Enhancing Q-Former for Knowledge-Based Visual Question Answering with Multi-Layer Co-Attention and Question-Aware Prompts
📣 Accepted at Autumn Annual Conference of IEIE, 2024.
In Knowledge-Based Visual Question Answering (KB-VQA), models must interpret both visual data and external knowledge to answer complex questions accurately. Our approach extends Q-Former, known for its foundational Cross-Attention mechanism for visual feature extraction, by integrating it with MCAN (Multimodal Co-Attention Network) and incorporating Question-Aware Prompts during fine-tuning.

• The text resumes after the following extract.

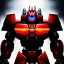 Placeholder: ultra detailed fullbody portrait of IronHide autobot, extremely detailed digital painting, intrincate, extremely detailed face,crystal clear Big Glowing eyes, mystical colors , perfectly centered image, perfect composition, rim light, beautiful lighting, 8k, stunning scene,extremely sharp detail, finely tuned detail, ultra high definition raytracing, in the style of robert e howard and pablo oliveira and Ken Kelley and Ohrai Noriyoshi and Simon Bisley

This structure not only strengthens the model’s understanding of question-image relationships but also leverages past interactions to improve overall answer accuracy.

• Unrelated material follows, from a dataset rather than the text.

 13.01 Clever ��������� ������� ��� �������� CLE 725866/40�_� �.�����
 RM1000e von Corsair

The architecture integrates MCAN and Question-Aware Prompts into the Q-Former framework, offering multi-layered cross-attention and enhanced contextual understanding.

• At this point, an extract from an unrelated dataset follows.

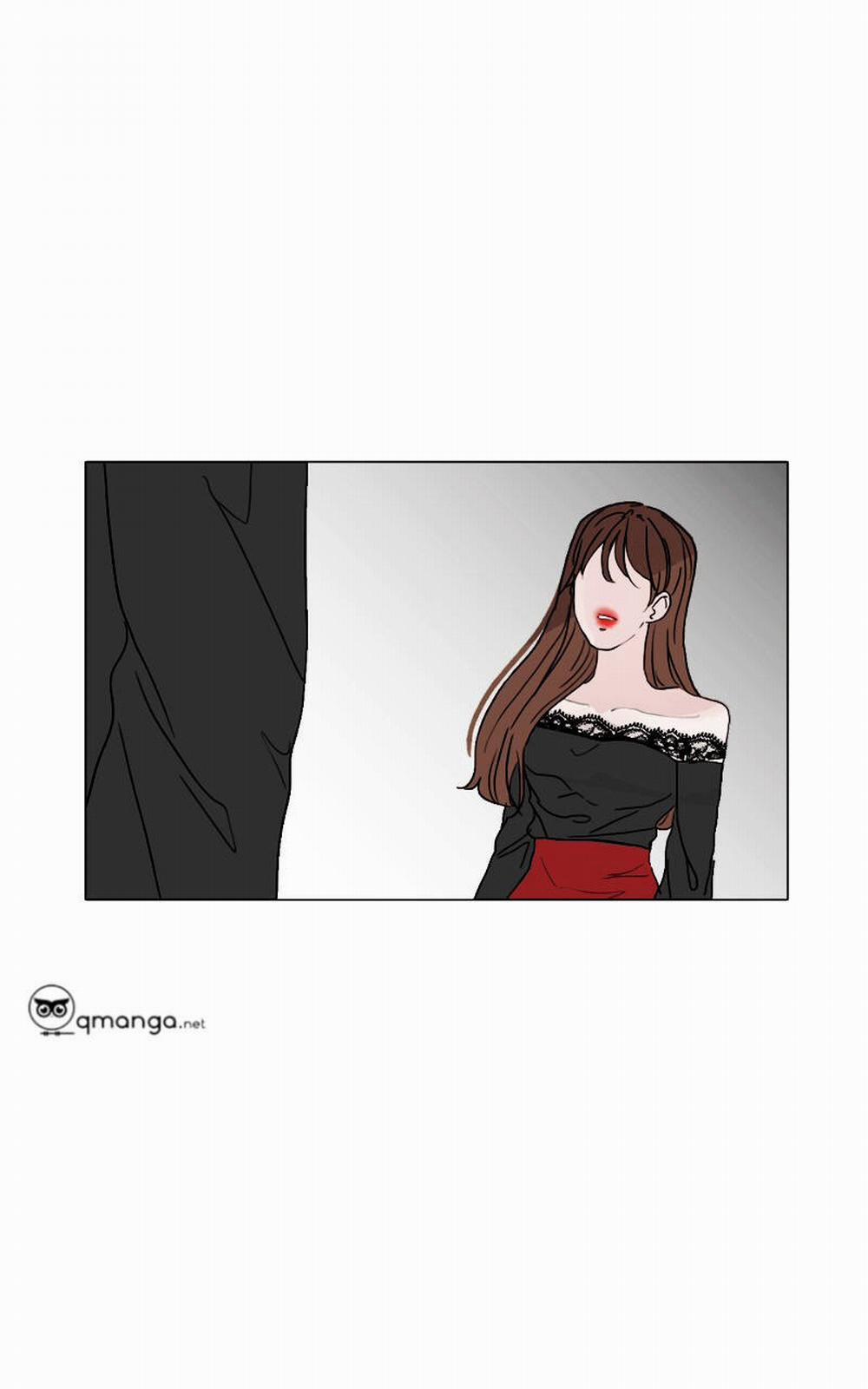 Sau Ánh Hào Quang 10 trang 40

- MCAN Integration: Multi-layered Self-Attention and Cross-Attention for richer image-question interactions.
- Question-Aware Prompts: Introduce answer candidates and past example contexts to enhance reasoning.
- Improved Accuracy: Achieved 6.9% increase in accuracy on OK-VQA and AOK-VQA datasets.
- Q-Former & MCAN Integration: Combines initial cross-modal interaction with deep multi-layer attention.
- Fine-Tuning with Question-Aware Prompts: Utilizes answer candidates and answer-aware examples to boost context understanding during Fine-Tuning phase.

This structure combines Answer Candidates with confidence scores and Answer-Aware Examples from past cases, enhancing the model's reasoning capabilities.
| Model | Accuracy (Only-Question) | Accuracy (Question-Aware Prompt) |
|---|---|---|
| Q-Former | 49.2% | 55.65% |
| MCAN | 52.56% | - |
| Ours | 50% | 56.1% |
- introduce Question-Aware Prompts during fine-tuning, which provide supplementary context.
- 6.9% accuracy improvement on KB-VQA tasks.